WORK INSTRUCTIONS → Find every line in the records below that holds the word "Used" and copy it.

[Items listed in a dataset]
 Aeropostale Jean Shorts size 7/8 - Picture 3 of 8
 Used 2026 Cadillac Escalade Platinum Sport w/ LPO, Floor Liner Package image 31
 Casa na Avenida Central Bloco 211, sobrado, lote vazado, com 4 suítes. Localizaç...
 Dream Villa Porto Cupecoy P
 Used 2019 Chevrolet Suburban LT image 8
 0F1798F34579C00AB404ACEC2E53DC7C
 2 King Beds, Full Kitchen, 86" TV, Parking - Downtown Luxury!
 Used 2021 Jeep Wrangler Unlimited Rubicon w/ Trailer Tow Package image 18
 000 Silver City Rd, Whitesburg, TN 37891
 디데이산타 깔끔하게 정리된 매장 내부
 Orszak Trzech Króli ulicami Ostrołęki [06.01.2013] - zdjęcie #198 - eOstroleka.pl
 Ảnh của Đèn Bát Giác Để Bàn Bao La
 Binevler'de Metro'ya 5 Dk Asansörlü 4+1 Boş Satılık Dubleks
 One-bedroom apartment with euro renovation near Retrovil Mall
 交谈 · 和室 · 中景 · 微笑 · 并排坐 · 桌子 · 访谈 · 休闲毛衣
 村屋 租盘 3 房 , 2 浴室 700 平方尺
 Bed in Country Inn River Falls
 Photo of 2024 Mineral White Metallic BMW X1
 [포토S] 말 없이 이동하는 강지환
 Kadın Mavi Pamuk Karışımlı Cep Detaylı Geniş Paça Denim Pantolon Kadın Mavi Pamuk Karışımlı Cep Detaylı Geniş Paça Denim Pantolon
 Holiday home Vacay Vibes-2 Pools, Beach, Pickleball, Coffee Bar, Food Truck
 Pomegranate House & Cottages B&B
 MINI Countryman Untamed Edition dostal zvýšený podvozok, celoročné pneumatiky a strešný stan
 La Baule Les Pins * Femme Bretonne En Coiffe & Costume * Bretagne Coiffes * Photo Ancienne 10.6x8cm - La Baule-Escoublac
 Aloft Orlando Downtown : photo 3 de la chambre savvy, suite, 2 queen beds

YOUR RESPONSE →
 Used 2026 Cadillac Escalade Platinum Sport w/ LPO, Floor Liner Package image 31
 Used 2019 Chevrolet Suburban LT image 8
 Used 2021 Jeep Wrangler Unlimited Rubicon w/ Trailer Tow Package image 18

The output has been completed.